The surface of the Earth is covered with different natural features. Cliffs rise majestically above the ocean, plains roll peacefully along for miles and miles, and dark caves invite human curiosity.
These landforms did not magically appear on Earth. They have been built up and torn down for millions of years. The processes that create landforms should be familiar. Some landforms are built up by tectonic processes. These are the movements of the Earth’s crust caused by the convection currents in the hot mantle. The moving crust can cause plates to collide and build mountains and volcanoes. The crustal plates can also move apart and cause giant rift valleys to form. However, tectonic processes are not the only thing shaping the terrain of the Earth.
Weathering and erosion also have a great impact on the physical features of a piece of Earth. Weathering is the process of breaking down rocks into smaller pieces. Erosion is the process of moving these pieces from one place to another place. Water and wind are both powerful forces in weathering and erosion. A river can wear down the land around it and form giant canyons, like the Grand Canyon which was formed by the Colorado River. Wind can tear away softer pieces of rock on a hill or mountain until all that is left is the teetering butte.
The sediments that form through weathering and that are moved by erosion have to land somewhere. When these tiny pieces of rock land, it is called deposition. The deposition of sediments can form landforms as well. A delta is a triangular piece of land formed within rivers (usually where there is a turn in the river or where the river meets the ocean) by the deposition of sediments. The deposition of sediments also forms the giant plains found all over the world.

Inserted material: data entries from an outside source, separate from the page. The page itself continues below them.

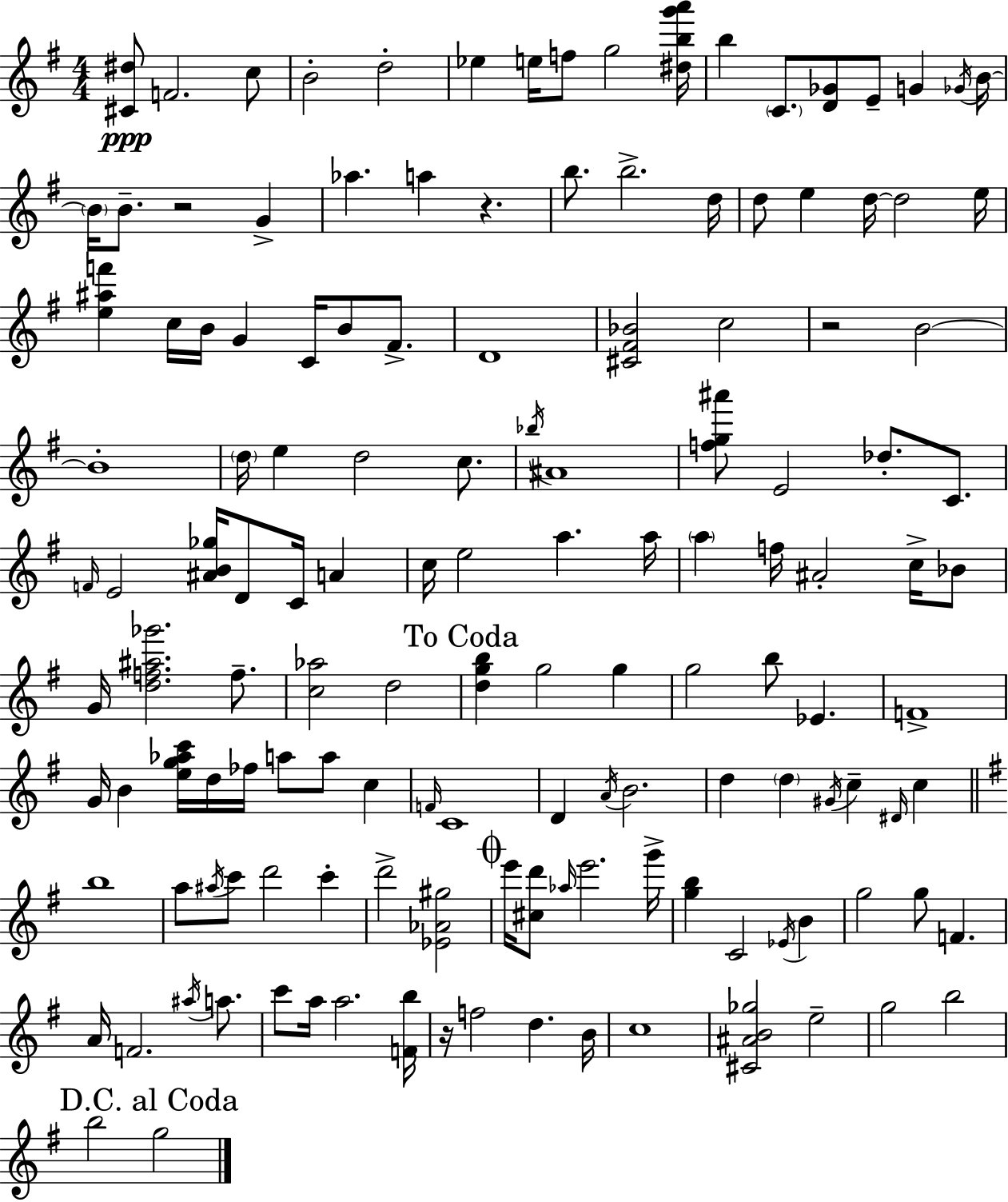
{
  \clef treble
  \numericTimeSignature
  \time 4/4
  \key e \minor
  <cis' dis''>8\ppp f'2. c''8 | b'2-. d''2-. | ees''4 e''16 f''8 g''2 <dis'' b'' g''' a'''>16 | b''4 \parenthesize c'8. <d' ges'>8 e'8-- g'4 \acciaccatura { ges'16 } | \break b'16~~ \parenthesize b'16 b'8.-- r2 g'4-> | aes''4. a''4 r4. | b''8. b''2.-> | d''16 d''8 e''4 d''16~~ d''2 | \break e''16 <e'' ais'' f'''>4 c''16 b'16 g'4 c'16 b'8 fis'8.-> | d'1 | <cis' fis' bes'>2 c''2 | r2 b'2~~ | \break b'1-. | \parenthesize d''16 e''4 d''2 c''8. | \acciaccatura { bes''16 } ais'1 | <f'' g'' ais'''>8 e'2 des''8.-. c'8. | \break \grace { f'16 } e'2 <ais' b' ges''>16 d'8 c'16 a'4 | c''16 e''2 a''4. | a''16 \parenthesize a''4 f''16 ais'2-. | c''16-> bes'8 g'16 <d'' f'' ais'' ges'''>2. | \break f''8.-- <c'' aes''>2 d''2 | \mark "To Coda" <d'' g'' b''>4 g''2 g''4 | g''2 b''8 ees'4. | f'1-> | \break g'16 b'4 <e'' g'' aes'' c'''>16 d''16 fes''16 a''8 a''8 c''4 | \grace { f'16 } c'1 | d'4 \acciaccatura { a'16 } b'2. | d''4 \parenthesize d''4 \acciaccatura { gis'16 } c''4-- | \break \grace { dis'16 } c''4 \bar "||" \break \key e \minor b''1 | a''8 \acciaccatura { ais''16 } c'''8 d'''2 c'''4-. | d'''2-> <ees' aes' gis''>2 | \mark \markup { \musicglyph "scripts.coda" } e'''16 <cis'' d'''>8 \grace { aes''16 } e'''2. | \break g'''16-> <g'' b''>4 c'2 \acciaccatura { ees'16 } b'4 | g''2 g''8 f'4. | a'16 f'2. | \acciaccatura { ais''16 } a''8. c'''8 a''16 a''2. | \break <f' b''>16 r16 f''2 d''4. | b'16 c''1 | <cis' ais' b' ges''>2 e''2-- | g''2 b''2 | \break \mark "D.C. al Coda" b''2 g''2 | \bar "|."
}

All three of these processes, tectonic activity, weathering and erosion, and deposition, change our landscape by building landforms up and tearing them down. These processes are taking place every day, but their effects are difficult to see because they happen so slowly. It takes millions of years to build a mountain, and it takes millions more to tear it down. However, nothing about the landscape of the Earth stays the same – the only thing constant about the landforms of the Earth is change.